Remainder Theorem Question:

For what value of b will the polynomial P(x) = 4x^3-3x^2+bx+6 have the same remainder when it is divided by x-1 and by x+3

Do the polynomial long divisions for each divisor. Then set the two remainders equal to each other. Both will contain a "b" term. Solve for b.

To find the value of b that will make the polynomial P(x) have the same remainder when divided by x-1 and x+3, we can use the Remainder Theorem.

The Remainder Theorem states that if a polynomial P(x) is divided by a linear divisor of the form x-a, the remainder is equal to P(a).

So, let's find the remainders when P(x) is divided by x-1 and x+3.

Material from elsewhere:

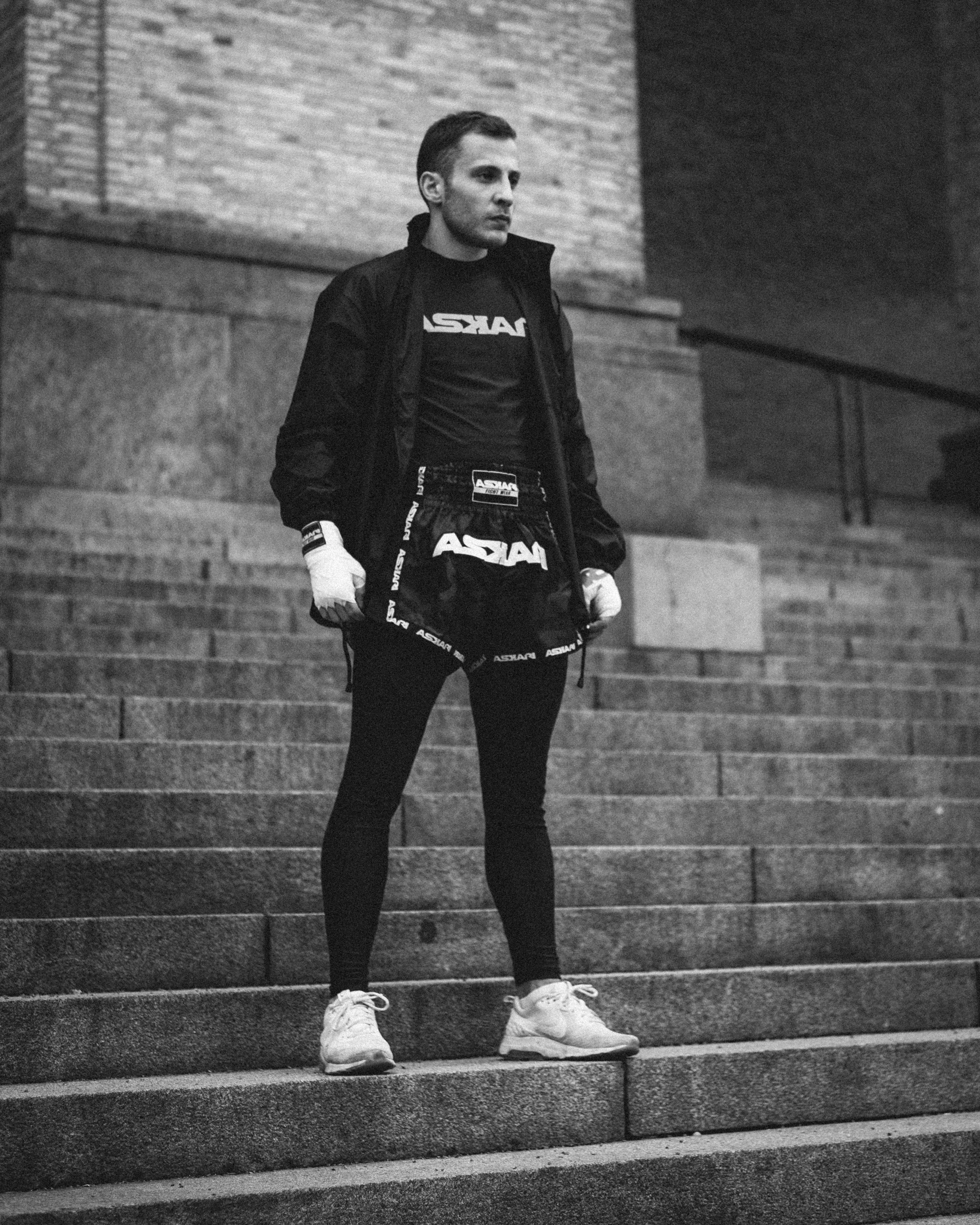 ASKARI MUAY THAI SHORTS - BLACK CAMOUFLAGE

When P(x) is divided by x-1, the remainder is P(1). We can substitute x=1 into the polynomial:

P(1) = 4(1)^3 - 3(1)^2 + b(1) + 6
= 4 - 3 + b + 6
= b + 7

When P(x) is divided by x+3, the remainder is P(-3). Substituting x=-3 into the polynomial:

P(-3) = 4(-3)^3 - 3(-3)^2 + b(-3) + 6
= -108 - 27 - 3b + 6
= -3b - 129

Since we want the polynomial to have the same remainder when divided by both x-1 and x+3, we can set the remainders equal to each other:

b + 7 = -3b - 129

Now, we can solve this equation for b:

4b = -136
b = -34

Therefore, the value of b that will make the polynomial P(x) have the same remainder when divided by x-1 and x+3 is -34.

To find the value of b that will make the polynomial P(x) have the same remainder when divided by x-1 and x+3, we can apply the Remainder Theorem.

According to the Remainder Theorem, if a polynomial P(x) is divided by x - c, the remainder is equal to P(c). Therefore, we need to set up two equations using the Remainder Theorem.

First, let's consider the division of P(x) by x-1. The remainder will be equal to P(1):

Remainder when dividing by x-1 = P(1) = 4(1)^3 - 3(1)^2 + b(1) + 6

Next, let's consider the division of P(x) by x+3. The remainder will be equal to P(-3):

Remainder when dividing by x+3 = P(-3) = 4(-3)^3 - 3(-3)^2 + b(-3) + 6

We want the remainder to be the same for both divisions. Setting the two expressions equal to each other, we have:

4(1)^3 - 3(1)^2 + b(1) + 6 = 4(-3)^3 - 3(-3)^2 + b(-3) + 6

Simplifying the equation, we get:

4 - 3 + b + 6 = -108 - 27b + 6

Combine like terms:

b + 7 = -102 - 27b

Bring the terms involving b to one side:

b + 27b = -102 - 7

Combine like terms:

28b = -109

Finally, divide both sides of the equation by 28:

b = -109/28

Therefore, the value of b that will make the polynomial have the same remainder when divided by x-1 and x+3 is -109/28.